EXERCISE
Within the records below, repeat each line exactly but keep every picture out of the copy.

_ _ _ _

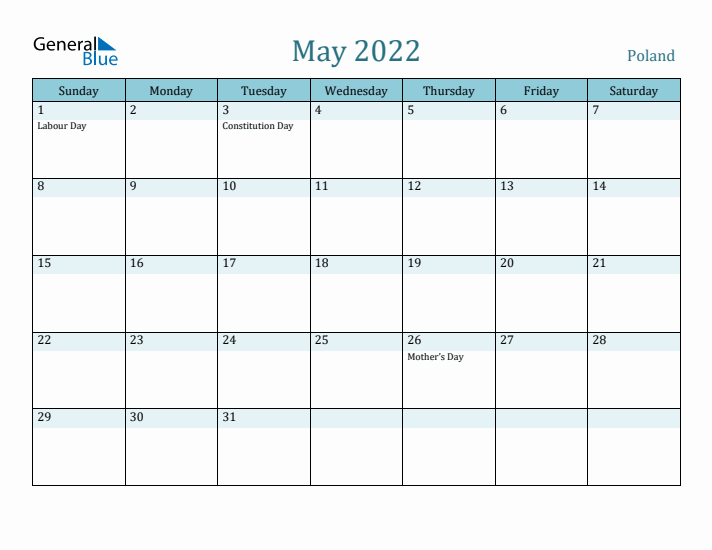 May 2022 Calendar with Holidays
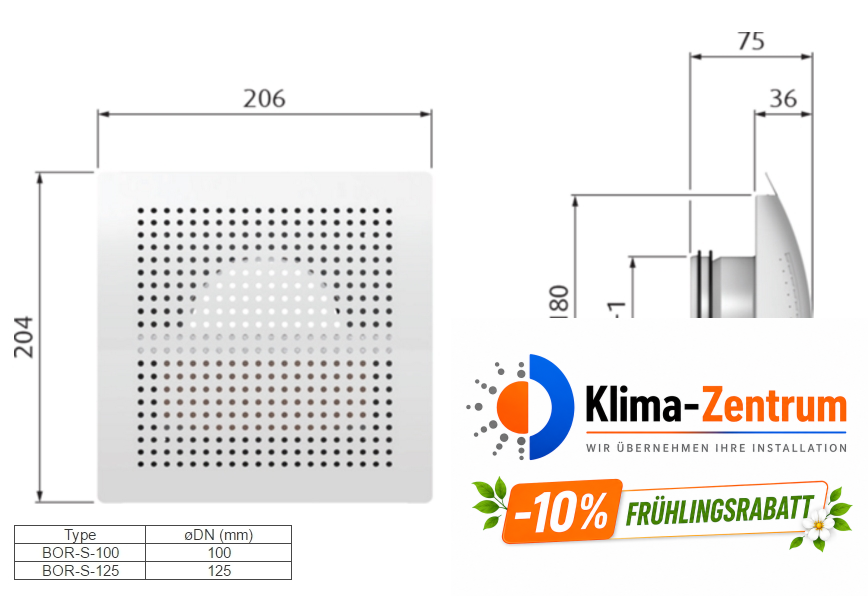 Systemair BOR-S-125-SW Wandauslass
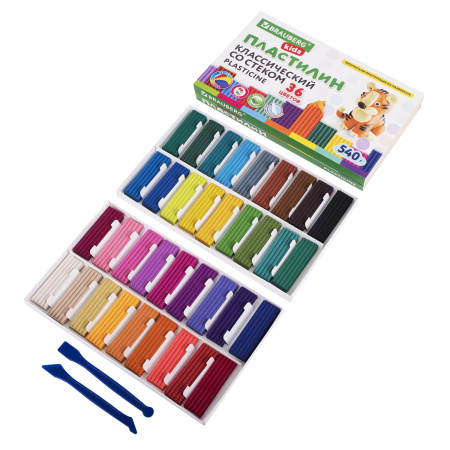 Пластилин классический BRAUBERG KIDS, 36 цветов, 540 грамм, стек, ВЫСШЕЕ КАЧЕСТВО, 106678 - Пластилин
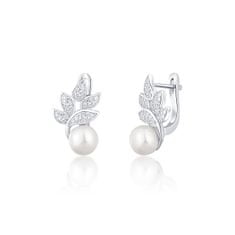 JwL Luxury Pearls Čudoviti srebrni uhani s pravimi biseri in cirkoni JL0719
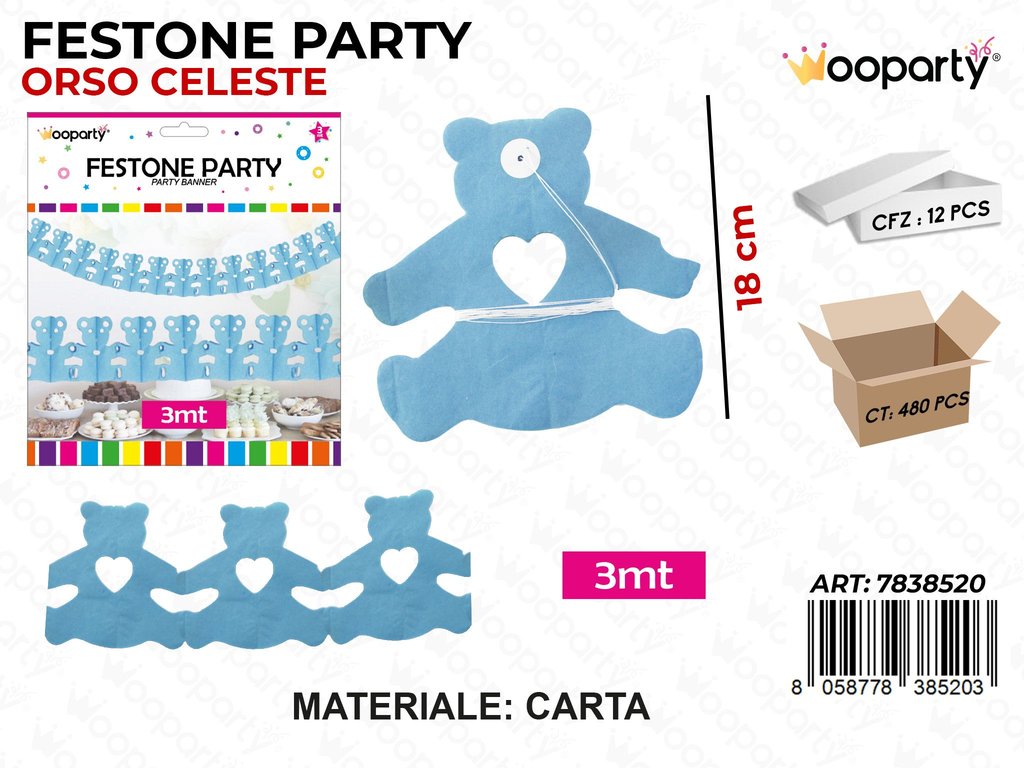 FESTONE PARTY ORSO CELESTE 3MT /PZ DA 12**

_ _ _ _

OUTPUT OF THE TASK
 May 2022 Calendar with Holidays
 Systemair BOR-S-125-SW Wandauslass
 Пластилин классический BRAUBERG KIDS, 36 цветов, 540 грамм, стек, ВЫСШЕЕ КАЧЕСТВО, 106678 - Пластилин
 JwL Luxury Pearls Čudoviti srebrni uhani s pravimi biseri in cirkoni JL0719
 FESTONE PARTY ORSO CELESTE 3MT /PZ DA 12**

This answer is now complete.